Implementation of Mass Data Management System Based on Openresty + CEPH

Posted May 25, 20204 min read

"Continuously updated, welcome to follow ..."

1 . Requirements:

As a company specializing in three-dimensional high-precision map services, there are massive(PB-level) raw data, intermediate data, and successful data that need to be stored, managed, and regularly archived.
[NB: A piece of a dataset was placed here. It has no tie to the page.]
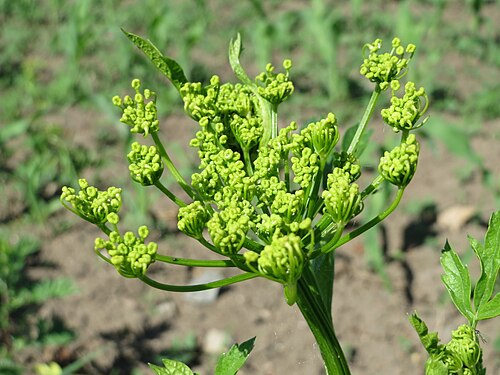 Wild parsnip: Pastinak ( Pastinaca sativa ) auf einem Acker im Landschaftsschutzgebiet Hockenheimer Rheinbogen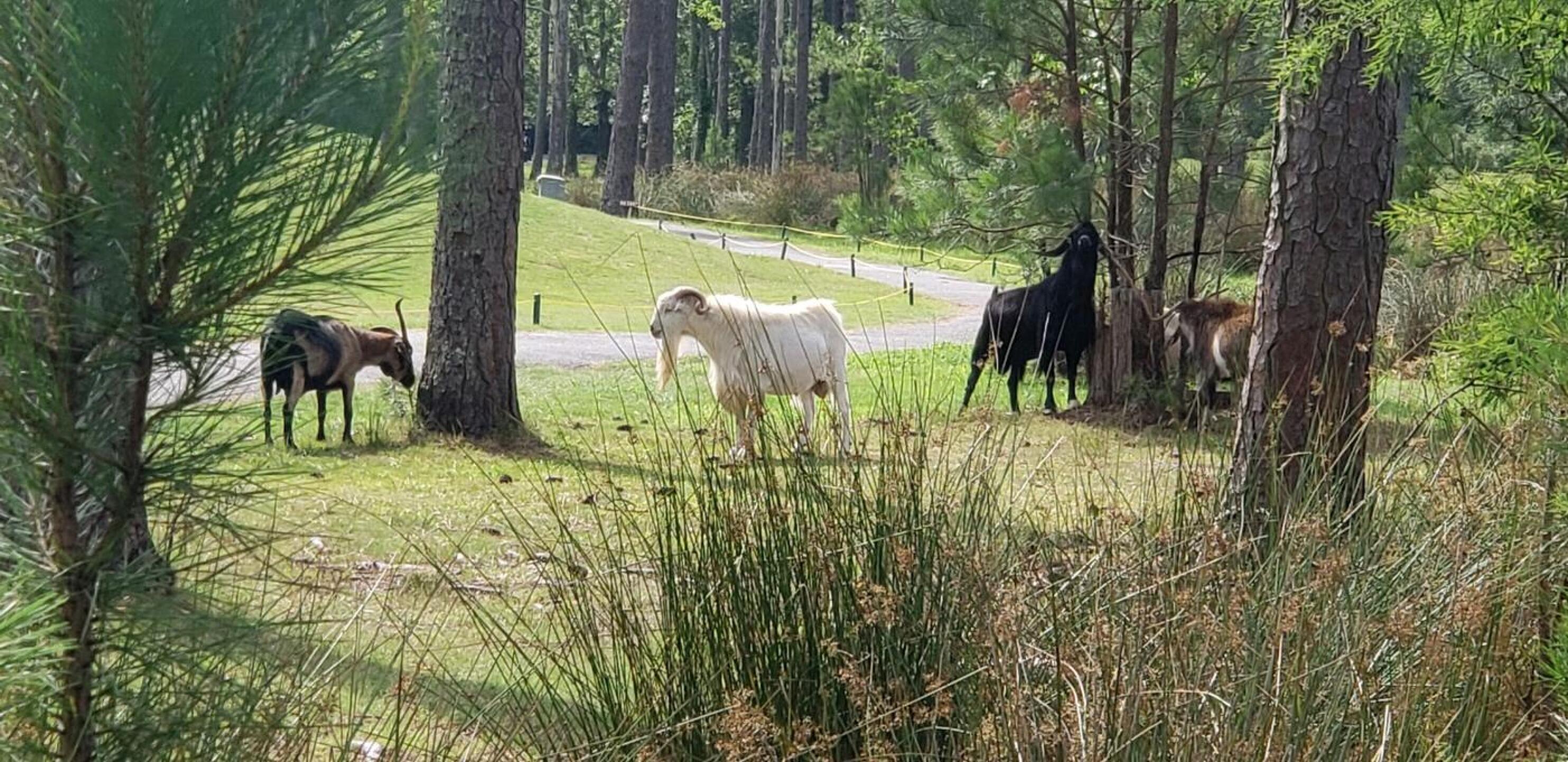 (Photo submitted by ronfurbish on 06/20/2021)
  1. According to project management data, the data is classified into flight data, control point data, intermediate data, achievement data and other data. Data sources include unmanned aerial vehicle data, load data, ground station data, and manual strike data. Data gathered from different channels.
  2. Adopt a form similar to Baidu network disk, upload and download, support breakpoint resume, progress tracking.
  3. Support fine-grained file-level permission control, and more file(folder) attributes.

2 . Analysis:

  1. The system focuses on the selection of data storage, supports the storage of massive data, and can support data upload under complex networks. Choose CEPH as data storage, RGW object storage, S3 protocol upload and download, perfectly support sharding and breakpoint resume.
  2. The difficulty of the system lies in the control of file-level business permissions and the support of more attributes of files(folders). CEPH RGW itself supports permission control, but it cannot be connected with service permissions. Object storage itself does not have the concept of folders, and it is impossible to classify, display the number, and size of the folders. Therefore, to implement a custom index service, CEPH is mainly responsible for storage, and the custom index service implements display and query.
  3. Since the upload and download will go through Openresty, the file information flowing through the lua script will be forwarded to the business service via kafka for business processing applications.

3 . Implementation

3.1 Architecture

Spatial Data System Architecture Diagram.png

  1. The upload assistant is the desktop software of Baidu network disk, using Electron JS

)achieve. Main functions:project display, upload and download.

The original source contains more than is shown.